> Goal of the exercise:
Quote, word for word, every line starting at the line that contains "Woman in Dream" and ending with the last line of the records; include both of these lines and no others.

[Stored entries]
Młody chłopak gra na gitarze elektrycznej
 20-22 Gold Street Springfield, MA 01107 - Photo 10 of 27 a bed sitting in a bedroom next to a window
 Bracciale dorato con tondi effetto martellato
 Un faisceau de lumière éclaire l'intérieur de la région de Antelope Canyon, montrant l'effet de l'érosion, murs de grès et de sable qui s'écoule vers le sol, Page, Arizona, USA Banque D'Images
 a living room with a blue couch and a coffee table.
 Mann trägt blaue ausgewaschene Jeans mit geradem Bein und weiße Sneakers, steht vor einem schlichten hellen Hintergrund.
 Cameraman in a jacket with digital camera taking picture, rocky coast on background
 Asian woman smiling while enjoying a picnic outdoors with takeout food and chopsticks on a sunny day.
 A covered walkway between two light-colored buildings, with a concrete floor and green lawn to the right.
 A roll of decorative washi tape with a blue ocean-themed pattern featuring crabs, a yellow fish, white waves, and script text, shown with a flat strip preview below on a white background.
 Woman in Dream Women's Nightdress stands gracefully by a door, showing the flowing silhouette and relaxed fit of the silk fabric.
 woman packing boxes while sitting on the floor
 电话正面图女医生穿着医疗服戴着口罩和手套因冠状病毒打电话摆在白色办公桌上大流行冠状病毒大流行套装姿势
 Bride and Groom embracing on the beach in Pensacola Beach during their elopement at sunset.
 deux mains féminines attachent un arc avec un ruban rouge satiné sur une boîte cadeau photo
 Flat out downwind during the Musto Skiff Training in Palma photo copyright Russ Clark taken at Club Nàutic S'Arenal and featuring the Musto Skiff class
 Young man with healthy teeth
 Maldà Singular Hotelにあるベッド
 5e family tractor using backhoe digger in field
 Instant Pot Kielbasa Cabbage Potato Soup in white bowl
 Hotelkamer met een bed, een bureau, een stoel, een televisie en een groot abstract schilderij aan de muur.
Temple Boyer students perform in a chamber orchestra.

> Written answer:
 Woman in Dream Women's Nightdress stands gracefully by a door, showing the flowing silhouette and relaxed fit of the silk fabric.
 woman packing boxes while sitting on the floor
 电话正面图女医生穿着医疗服戴着口罩和手套因冠状病毒打电话摆在白色办公桌上大流行冠状病毒大流行套装姿势
 Bride and Groom embracing on the beach in Pensacola Beach during their elopement at sunset.
 deux mains féminines attachent un arc avec un ruban rouge satiné sur une boîte cadeau photo
 Flat out downwind during the Musto Skiff Training in Palma photo copyright Russ Clark taken at Club Nàutic S'Arenal and featuring the Musto Skiff class
 Young man with healthy teeth
 Maldà Singular Hotelにあるベッド
 5e family tractor using backhoe digger in field
 Instant Pot Kielbasa Cabbage Potato Soup in white bowl
 Hotelkamer met een bed, een bureau, een stoel, een televisie en een groot abstract schilderij aan de muur.
Temple Boyer students perform in a chamber orchestra.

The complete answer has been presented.